History

United States
- Name: USS Greyhound
- Namesake: Previous name retained
- Builder: Great Lakes Boatbuilding Corporation, Milwaukee, Wisconsin
- Completed: 1916
- Acquired: 20 June 1917
- Fate: Sold 2 July 1919
- Notes: Operated as private motorboat Greyhound 1916-1917

General characteristics
- Type: Patrol vessel
- Tonnage: 135 gross register tons
- Length: 40 ft (12 m)
- Beam: 9 ft (2.7 m)
- Draft: 2 ft 3 in (0.69 m)
- Speed: 18 knots
- Armament: 1 × 1-pounder gun

= USS Greyhound (SP-437) =

Patrol vessel of the United States Navy

The second USS Greyhound (SP-437) was a United States Navy patrol vessel in commission from 1917 to 1919.
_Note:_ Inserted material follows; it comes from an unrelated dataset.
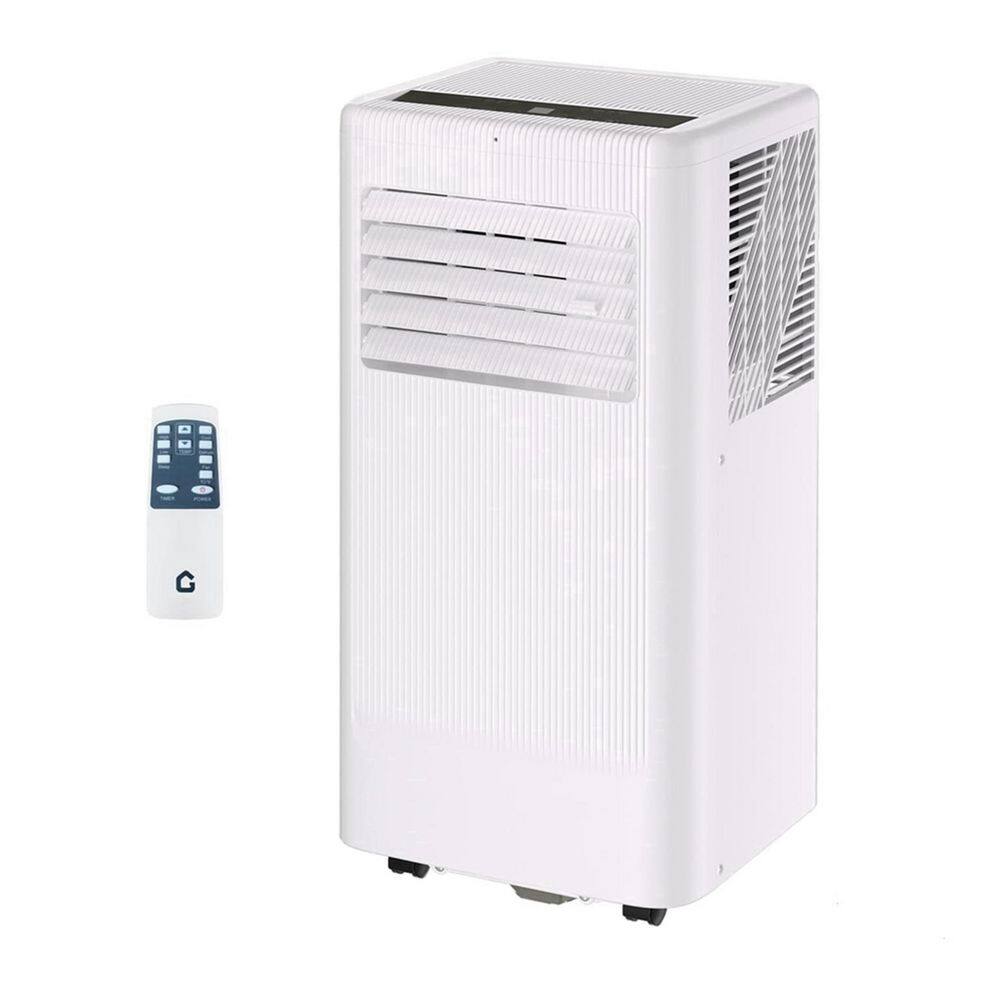 6000 (DOE) BTU 3-In-1 Portable Air Conditioner Cools 450 Sq. Ft. with Dehumidifier and Sleep Mode in White price history on PriceWatchPro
Greyhound was built in 1916 as a private motorboat of the same name by the Great Lakes Boatbuilding Corporation at Milwaukee, Wisconsin. On 20 June 1917, the U.S. Navy purchased Greyhound at Key West, Florida, from Mrs. Ida W. Seybert for use as a section patrol vessel during World War I. She was commissioned as USS Greyhound (SP-437).

Assigned to the 7th Naval District, Greyhound served on patrol duty in Florida waters at Tampa Bay and in Key West Harbor for the remainder of World War I and into 1919.

Decommissioned after World War I, Greyhound was sold on 2 July 1919.